Top of Supplied data

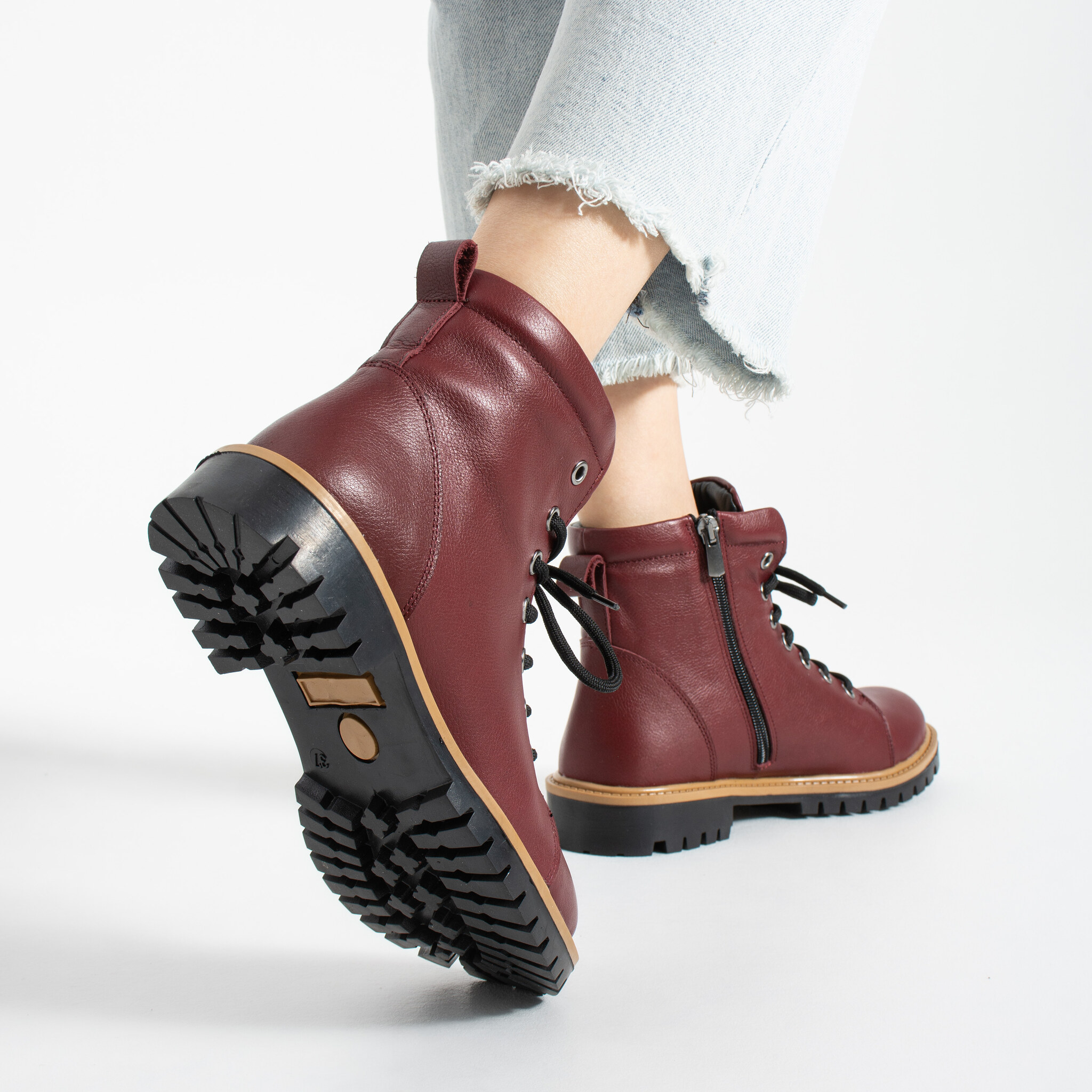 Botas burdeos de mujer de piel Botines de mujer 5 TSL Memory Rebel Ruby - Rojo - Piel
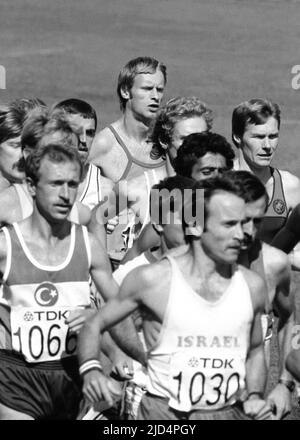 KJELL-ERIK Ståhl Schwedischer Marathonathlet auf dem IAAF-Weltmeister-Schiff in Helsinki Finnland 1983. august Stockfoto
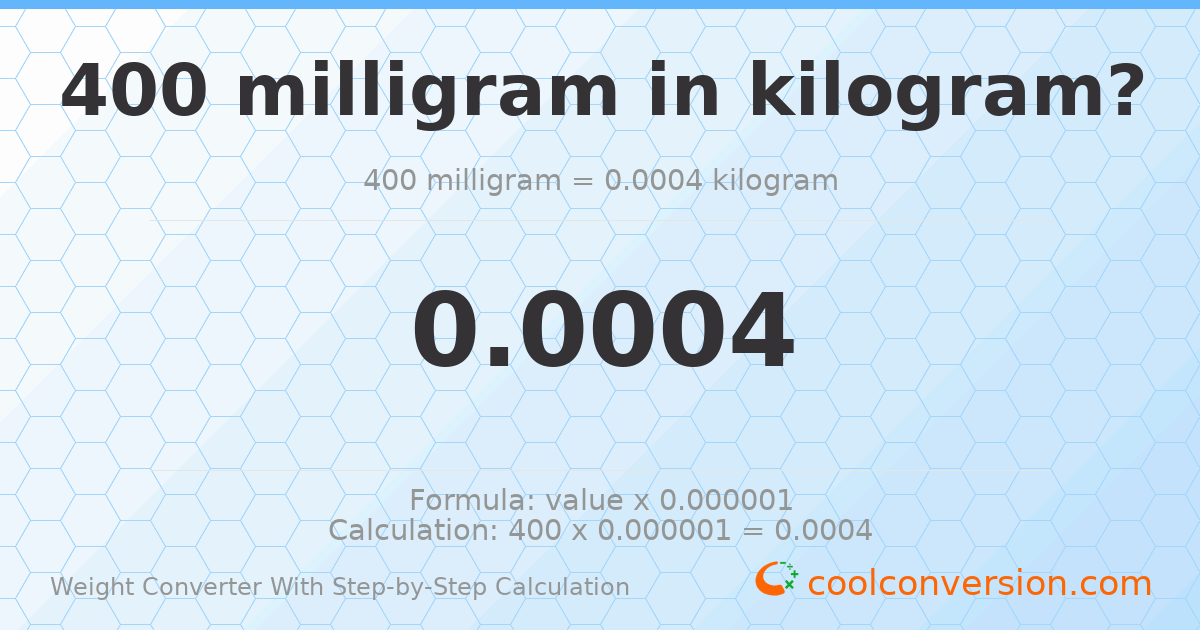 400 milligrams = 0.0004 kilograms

Bottom of Supplied data

Aim of the exercise: All of the lines above should be copied exactly, apart from the pictures.

Written solution:
 Botas burdeos de mujer de piel Botines de mujer 5 TSL Memory Rebel Ruby - Rojo - Piel
 KJELL-ERIK Ståhl Schwedischer Marathonathlet auf dem IAAF-Weltmeister-Schiff in Helsinki Finnland 1983. august Stockfoto
 400 milligrams = 0.0004 kilograms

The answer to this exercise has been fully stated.